Not so clean
EDITOR: One pillar of Sonoma Clean Power is a 50-megawatt biomass plant that would burn wood to generate electricity. Carbon dioxide from wood is deemed to be "clean" while carbon dioxide from natural gas (ancient biomass) is "dirty." This distinction baffles those trained in chemistry or physics.
The biomass plant would burn 350,000 tons of wood annually, requiring 17,500 truckloads per year (48 per day, 365 days per year) driving perhaps 100 mile round-trips. The carbon dioxide emissions from heavy duty trucks and the equipment needed to load the wood is supposedly "clean."
Trucks of this size cause 1,000 times more wear and tear on our roads than SUVs. Our crumbling road system would be clogged with trucks and would further deteriorate to third world conditions.
Many proponents of Sonoma Clean Power would likely be among the most vocal objectors to building a biomass project, lending credence to Barnum & Bailey's belief that a sucker is born every minute. Without a biomass plant, many of the promised "green" jobs driving trucks would disappear.

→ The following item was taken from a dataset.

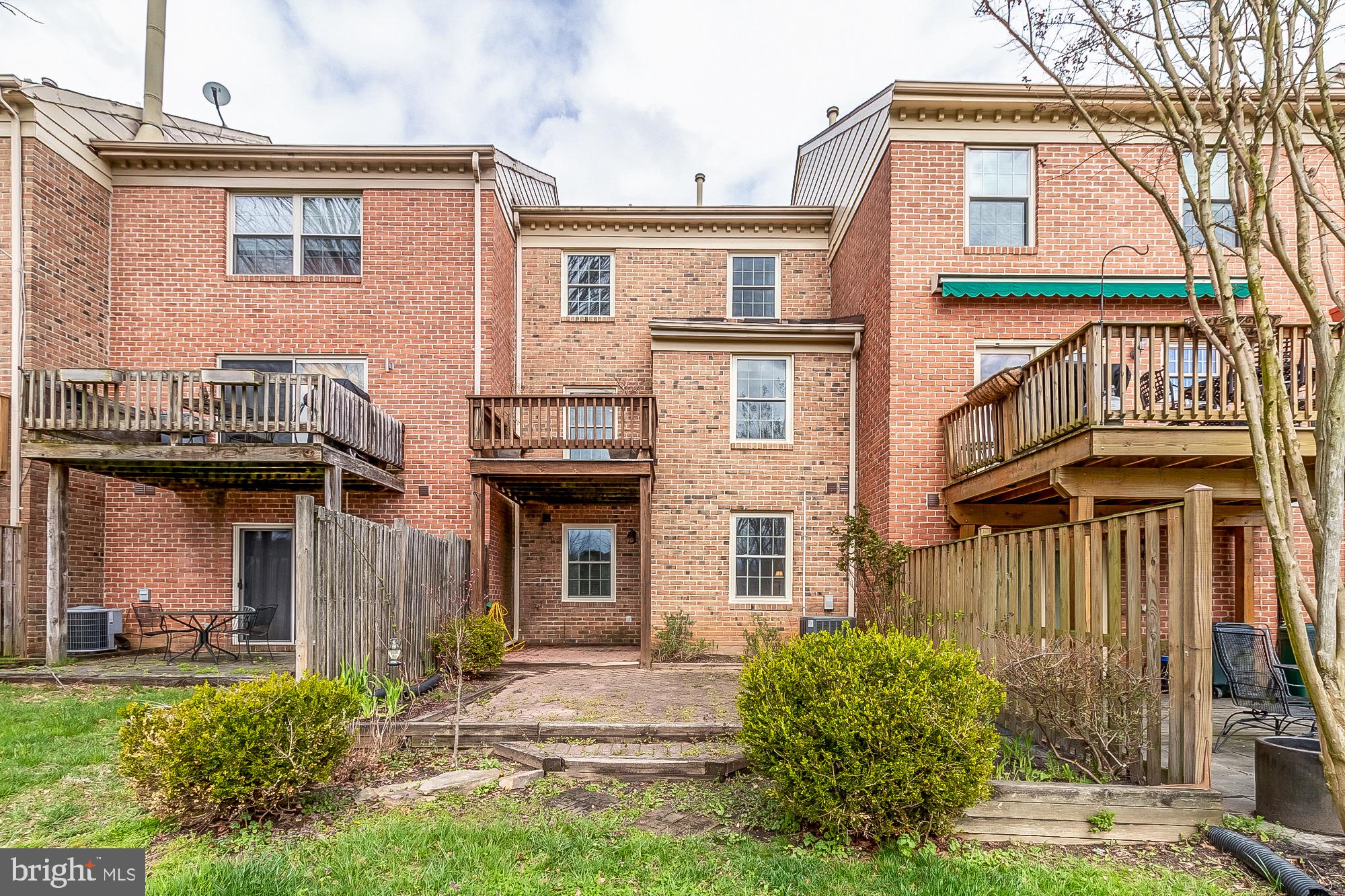 LOVETON FARMS - Residential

For my home, I wish "community choice" included the Sacramento Municipal Utility District, whose rates are 30 percent below either PG&E or what Sonoma Clean Power is proposing.
CRAIG S. HARRISON
Santa Rosa's vote
EDITOR: I commend Mayor Scott Bartley for his decision to schedule a vote by the Santa Rosa City Council on Sonoma Clean Power for July 9 ("Power agency deadline extended," Saturday). I hope that on June 25 the Clean Power joint powers authority gives serious consideration to the adjustments in the governing processes that are being requested by cities.